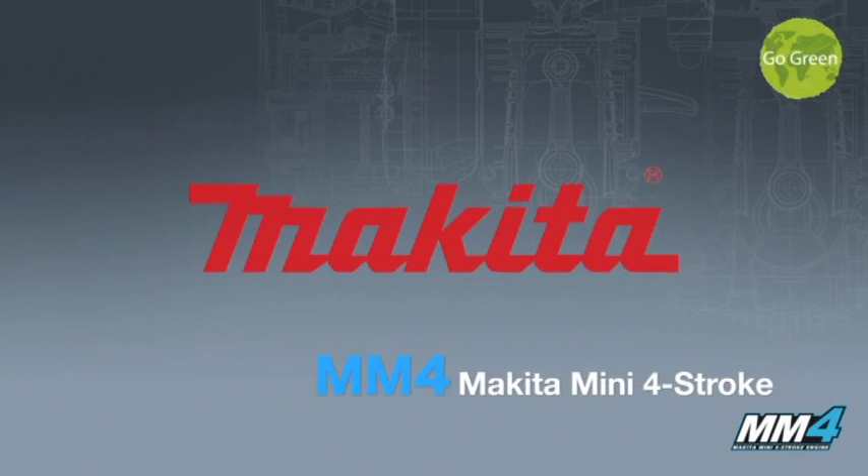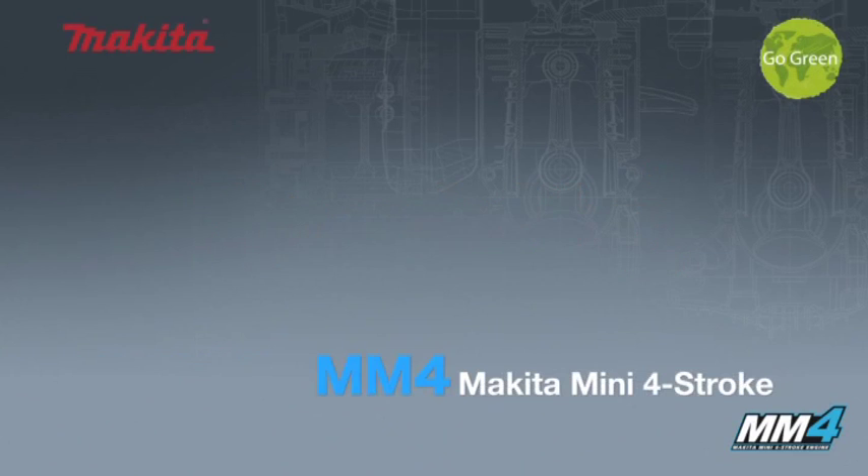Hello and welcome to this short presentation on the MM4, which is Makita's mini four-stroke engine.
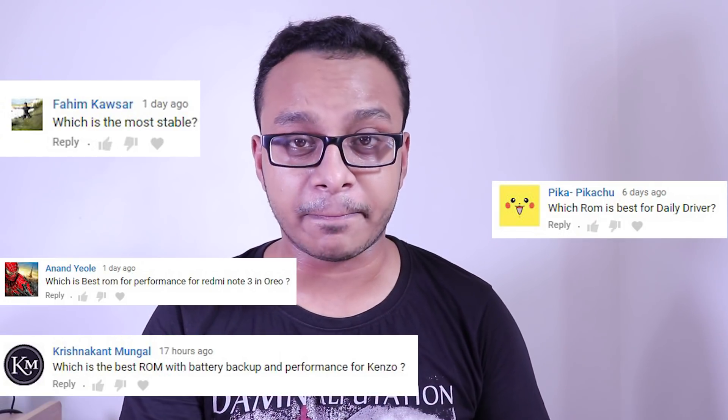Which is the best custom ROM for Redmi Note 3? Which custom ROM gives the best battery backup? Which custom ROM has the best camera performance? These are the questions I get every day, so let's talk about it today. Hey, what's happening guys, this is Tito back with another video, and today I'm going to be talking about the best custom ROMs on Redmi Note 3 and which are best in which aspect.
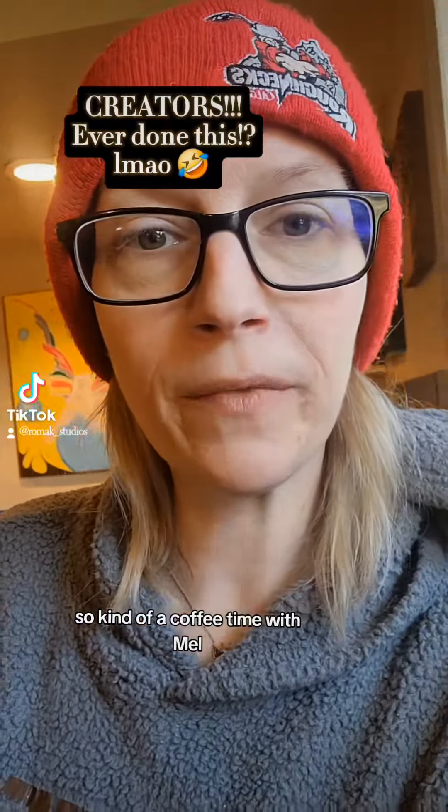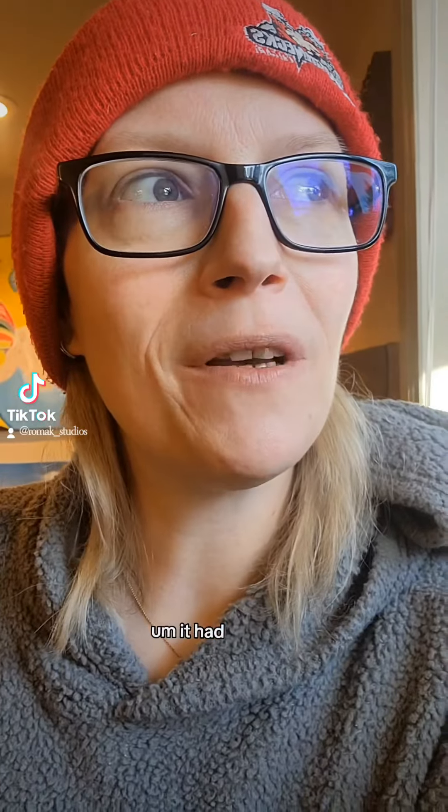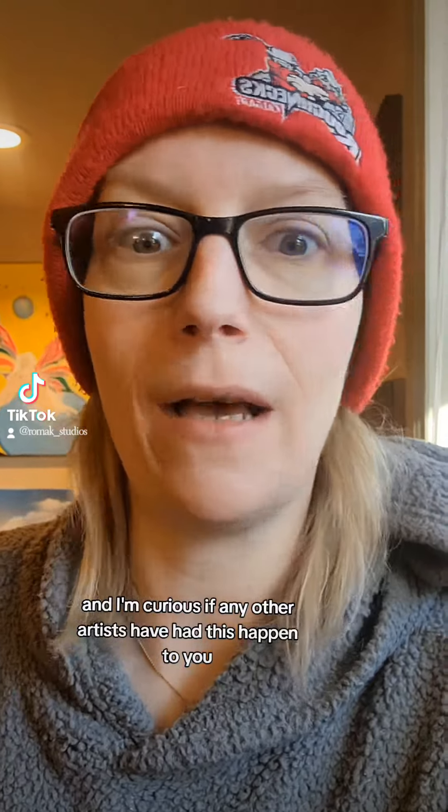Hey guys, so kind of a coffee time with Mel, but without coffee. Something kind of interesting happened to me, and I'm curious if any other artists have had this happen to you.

**Task details:** Without the pictures, repeat the listing word for word.

**Response to this task:**
Hello and welcome to this short presentation on the MM4, which is Makita's mini four-stroke engine.
Which is the best custom ROM for Redmi Note 3? Which custom ROM gives the best battery backup? Which custom ROM has the best camera performance? These are the questions I get every day, so let's talk about it today. Hey, what's happening guys, this is Tito back with another video, and today I'm going to be talking about the best custom ROMs on Redmi Note 3 and which are best in which aspect.
Hey guys, so kind of a coffee time with Mel, but without coffee. Something kind of interesting happened to me, and I'm curious if any other artists have had this happen to you.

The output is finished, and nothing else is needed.